We consider SCAview as an active development and objective of future research. Any updates and further developments will be documented and made available in the documentation page. Our aim is to continuously extend the underlying datasets by including additional visits of ongoing longitudinal cohort studies and additional worldwide cohort data. Moreover, we aim to increase the number of available attributes. In particular, we aim to include patient-reported outcome measures. However, as outlined in the results section, this work does not address the question of the homogeneity of the different sources but provides a database for visualization.

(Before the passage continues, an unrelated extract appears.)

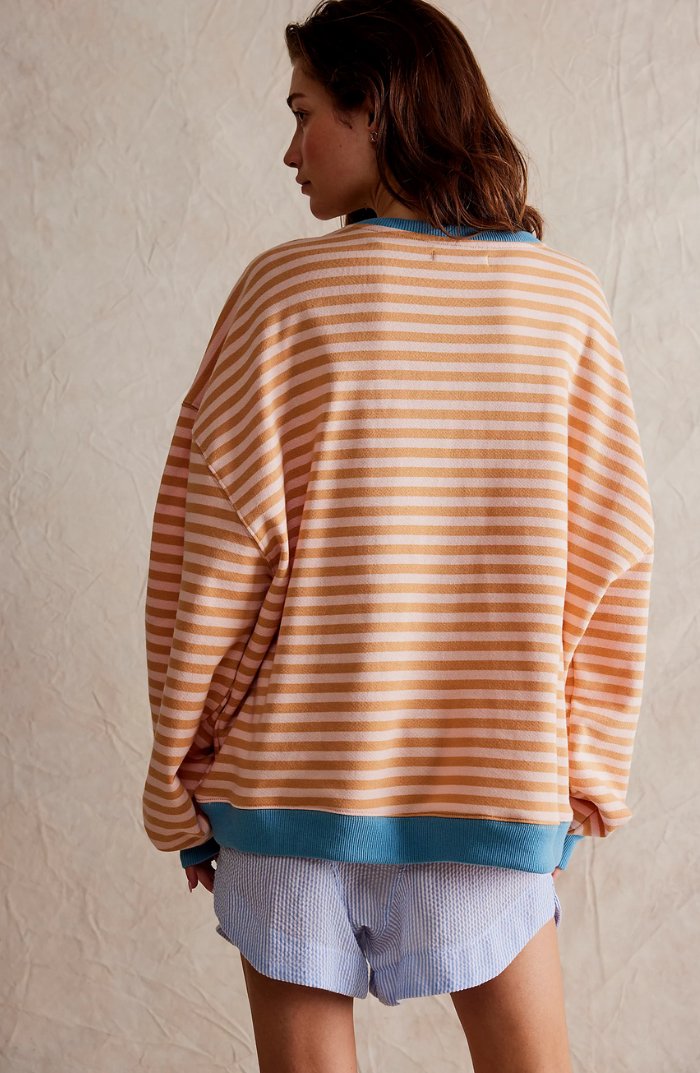 WW | Gestreifter Übergrößenpullover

Before the integration of new cohort data, in particular from non-European and non-US sites, a data check to ensure consistency of typical features (e.g., such as progression rates) needs to be tested.

The challenge to overcome the communication gap between clinical and technical experts resulted in (1) a simple but ubiquitary available, comprehensive, and easily re-usable model to define data mapping or transformation and (2) an intuitive visualization tool with overall graphical handling. Perspectively, the benefit of an easy and intuitive handling of clinical datasets should be rendered available for individual local projects and datasets. Currently, the internal importer protocol is code-based and limited to the data downloads of the included cohorts. The usage of input data in form of tables in common formats is in preparation. Again, the aim is to keep the simplicity and independence from IT support for the clinical user. Like SCAview, such a future upload setting should be based on technologies that do not need any installation of databases or administrator rights with a user-friendly guidance, e.g., via graphical user interfaces (GUI). We do not envision to automatically integrate local data in the main SCAview data set. Local data will be visible for the uploading researcher only and can easily be identified via filtering and thereby color coded as a third item in any plot.

Taken together, SCAview presents a novel and unique insight into clinical aspects of the most common spinocerebellar ataxias, SCA1, SCA2, SCA3, and SCA6, by presenting the first unified and merged cohort data and making it accessible to a broad community of interested researchers and clinicians by providing an intuitive tool to explore and visualize these data.